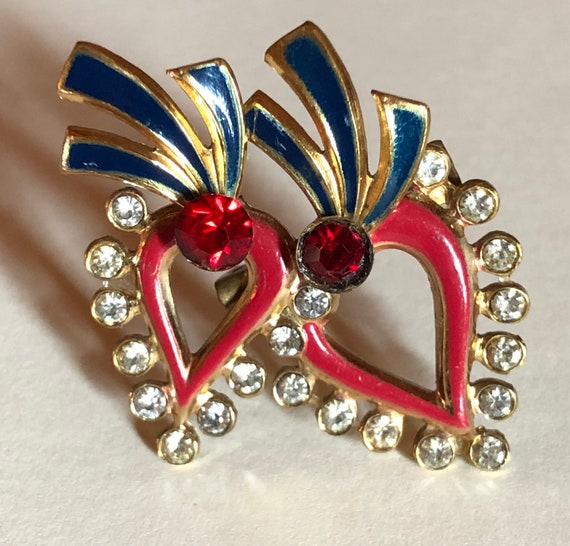 1920s/30s Art Deco Style Brooch Blue Enamel Red W… - image 7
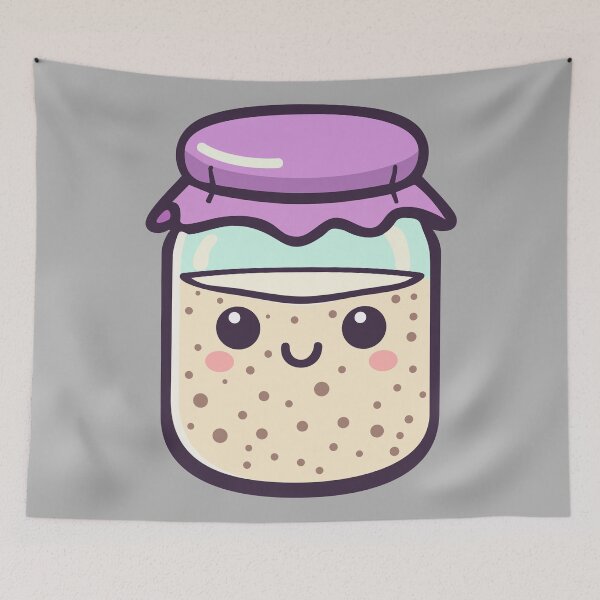Item preview, Purple Kawaii Sourdough Starter designed and sold by BRU Design.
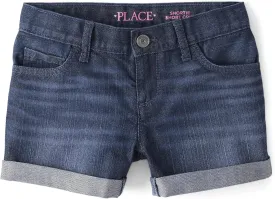 The Children's Place Girls Roll Cuff Denim Shortie
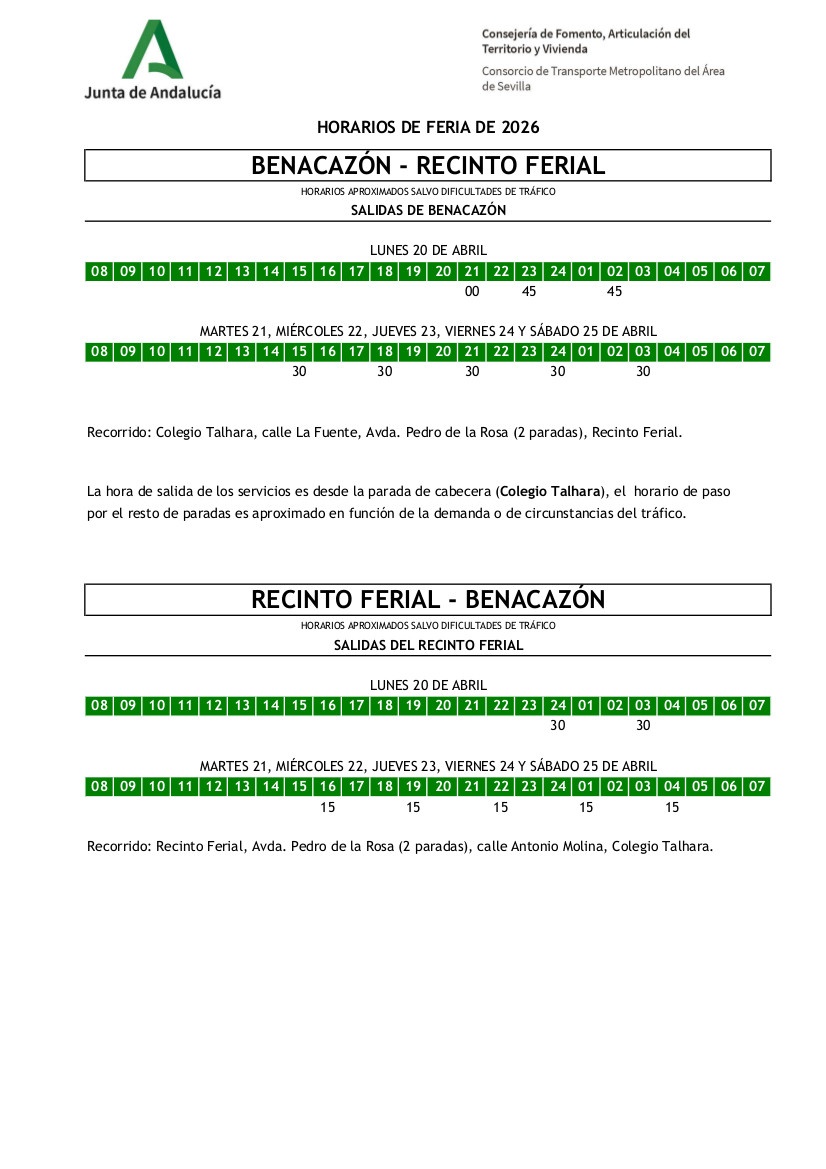 Benacazón Bus especial Feria Sevilla 2026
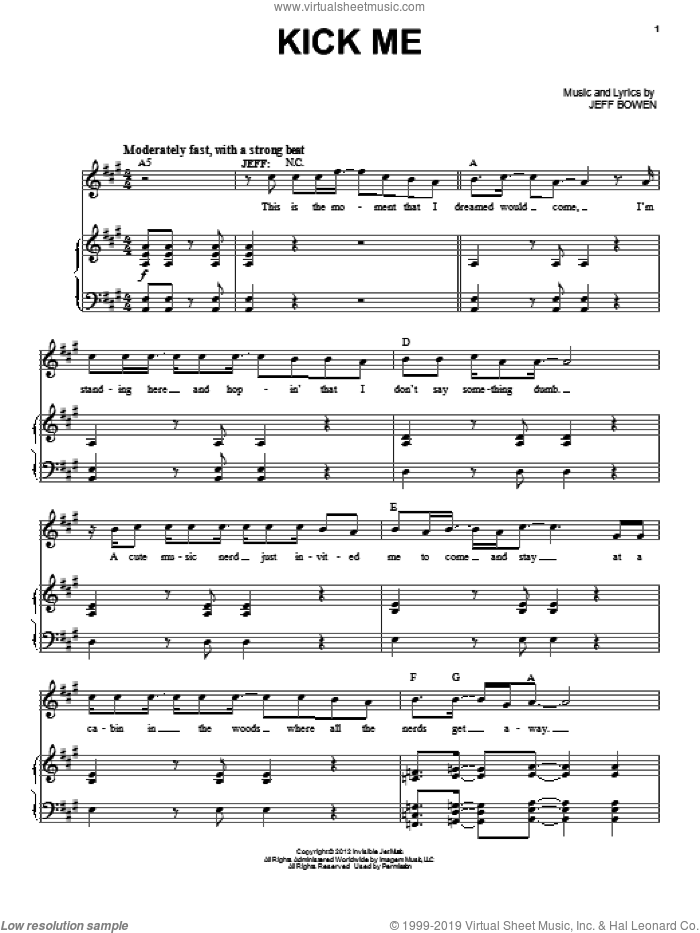 Kick Me sheet music for voice and piano by Jeff Bowen, intermediate skill level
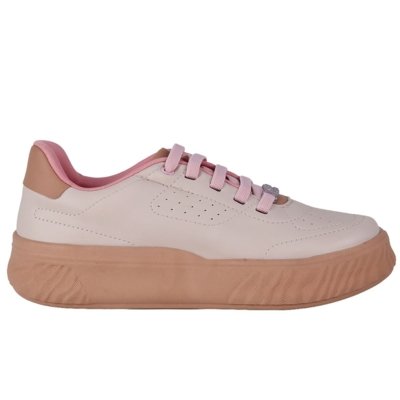 Tênis Infantil Feminino WorldColors Fun Nude e Rosa - Calce Fácil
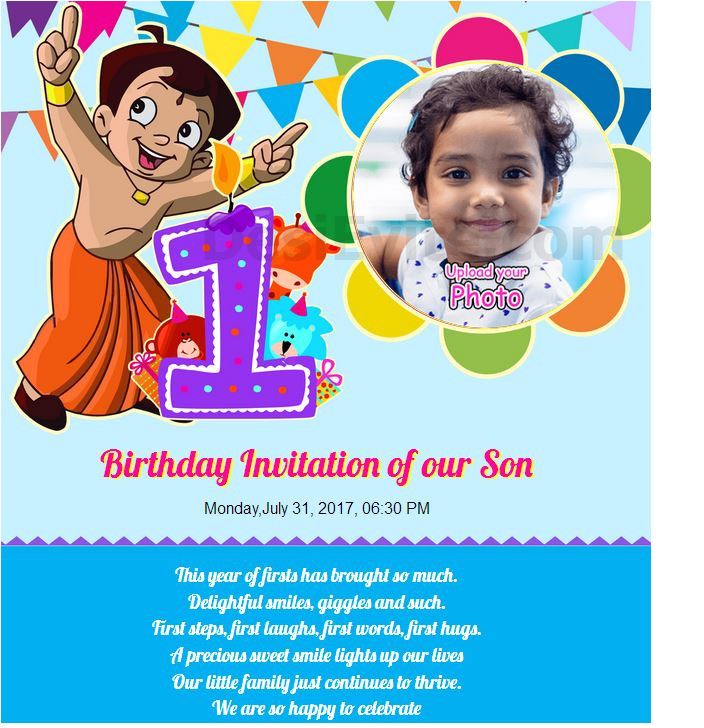 Indian Birthday Invitation Card Template Free 1st Birthday Invitation Card Online Invitations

## [PROBLEM TO WORK ON]
Full copy, no pictures: write out each line of the data exactly as it stands.

## [RESPONSE TO THE TASK]
 1920s/30s Art Deco Style Brooch Blue Enamel Red W… - image 7
Item preview, Purple Kawaii Sourdough Starter designed and sold by BRU Design.
 The Children's Place Girls Roll Cuff Denim Shortie
 Benacazón Bus especial Feria Sevilla 2026
 Kick Me sheet music for voice and piano by Jeff Bowen, intermediate skill level
 Tênis Infantil Feminino WorldColors Fun Nude e Rosa - Calce Fácil
 Indian Birthday Invitation Card Template Free 1st Birthday Invitation Card Online Invitations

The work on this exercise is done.